Example of expressiveness:

  type point2d = { x : float; y : float };
  type circle_desc  = { center: point2d; radius: float };
  type rect_desc    = { lower_left: point2d; width: float; height: float };
  type segment_desc = { endpoint1: point2d; endpoint2: point2d };
  type scene_element =
    | Circle  of circle_desc
    | Rect    of rect_desc
    | Segment of segment_desc;

  let distance v1 v2 =
    magnitude { x = v1.x -. v2.x; y = v1.y -. v2.y };

  (* We're matching based on the variant tags *)
  let is_inside_scene_element point scene_element =
    let open Float.O in
    match scene_element with
    | Circle { center; radius } ->
      distance center point < radius
    | Rect { lower_left; width; height } ->
      point.x    > lower_left.x && point.x < lower_left.x + width
      && point.y > lower_left.y && point.y < lower_left.y + height
    | Segment _ -> false;

  let is_inside_scene point scene =
    List.exists scene
      ~f:(fun el -> is_inside_scene_element point el) (* this is an anon function! *)

  (* examples of usage: *)
  is_inside_scene {x=3.;y=7.}
  [ Circle {center = {x=4.;y= 4.}; radius = 5.0 } ];;

Pattern Matching: some generic points about it #

Like in Elixir, pattern matching gives us a lot of joyful ways to express things.

The cases within a match expression are described as “arms” of the match.

SPECIALITY: designing a recursive function can be seen as the definition of inductive cases which eventually reduce to base cases.
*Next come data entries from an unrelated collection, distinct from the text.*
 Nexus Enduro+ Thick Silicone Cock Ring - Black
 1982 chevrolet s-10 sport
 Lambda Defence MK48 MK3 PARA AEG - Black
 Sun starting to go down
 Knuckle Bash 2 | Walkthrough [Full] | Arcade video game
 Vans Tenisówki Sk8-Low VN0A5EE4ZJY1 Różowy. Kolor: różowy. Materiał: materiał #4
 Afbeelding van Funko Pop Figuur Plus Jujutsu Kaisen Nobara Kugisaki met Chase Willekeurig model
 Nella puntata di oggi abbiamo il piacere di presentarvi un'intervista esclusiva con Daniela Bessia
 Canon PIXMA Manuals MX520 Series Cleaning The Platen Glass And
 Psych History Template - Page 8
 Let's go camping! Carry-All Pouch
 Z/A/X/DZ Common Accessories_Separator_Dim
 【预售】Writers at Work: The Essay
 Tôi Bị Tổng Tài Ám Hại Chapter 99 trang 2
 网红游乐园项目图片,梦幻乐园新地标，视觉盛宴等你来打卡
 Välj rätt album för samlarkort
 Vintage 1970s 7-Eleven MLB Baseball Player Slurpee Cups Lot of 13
When writing recursive list functions, pattern matching becomes very useful:

let rec sum l =
  match l with
  | [] -> 0                   (* base case *)
  | hd :: tl -> hd + sum tl   (* inductive case *);;

let rec remove_sequential_duplicates list =
  match list with
  | [] -> []
  | first :: second :: tl ->
 if first = second then
   remove_sequential_duplicates (second :: tl)
 else
   first :: remove_sequential_duplicates (second :: tl);;

For match cases, we can actually stack up the cases and have one arm for multiple matches like so: it’s called an or-pattern

let rec find_first_repeat list =
  match list with
  | [] | [_] ->
    (* only zero or one elements, so no repeats *)
    None
  | x :: y :: tl ->
    if x = y then Some x else find_first_repeat (y::tl);;

Imperative Programming #

Consider the following distinguishing of imperative vs functional programming:

  • imperative: computations are structured as sequences of instructions that operate by making modifications to the state of the program.
  • functional: variable bindings and most data structures being immutable.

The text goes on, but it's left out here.